[[ STUDY MATERIAL open ]]

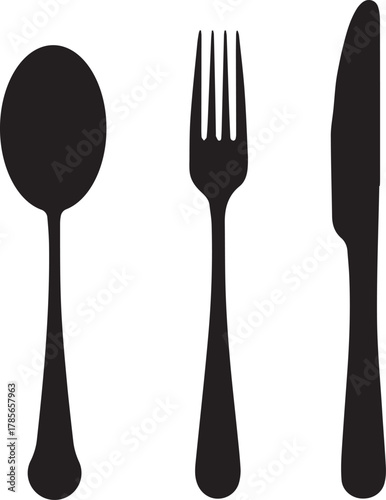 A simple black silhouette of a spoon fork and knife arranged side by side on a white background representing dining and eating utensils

[[ STUDY MATERIAL closed ]]
[[ STUDY MATERIAL open ]]

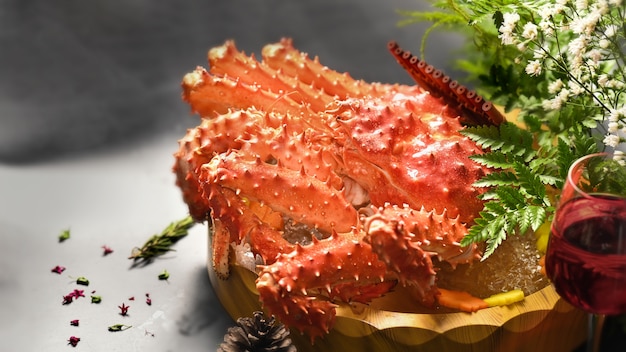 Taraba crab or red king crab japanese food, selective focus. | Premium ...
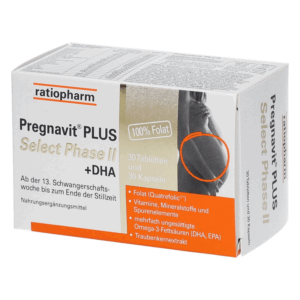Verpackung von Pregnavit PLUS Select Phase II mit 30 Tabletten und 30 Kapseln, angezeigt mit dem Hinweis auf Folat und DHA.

[[ STUDY MATERIAL closed ]]
[[ STUDY MATERIAL open ]]

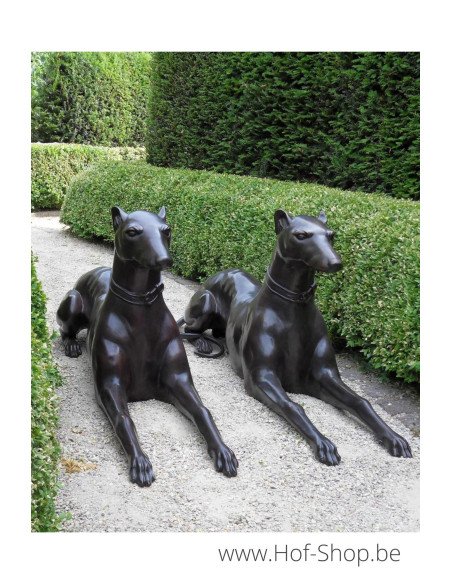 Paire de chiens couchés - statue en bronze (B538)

[[ STUDY MATERIAL closed ]]

EXERCISE —
In the listing above, find the line with "Taraba crab or" and the line with "Verpackung von Pregnavit". Transcribe those two and everything between, exactly, leaving out pictures.

RESPONSE AREA —
 Taraba crab or red king crab japanese food, selective focus. | Premium ...
Verpackung von Pregnavit PLUS Select Phase II mit 30 Tabletten und 30 Kapseln, angezeigt mit dem Hinweis auf Folat und DHA.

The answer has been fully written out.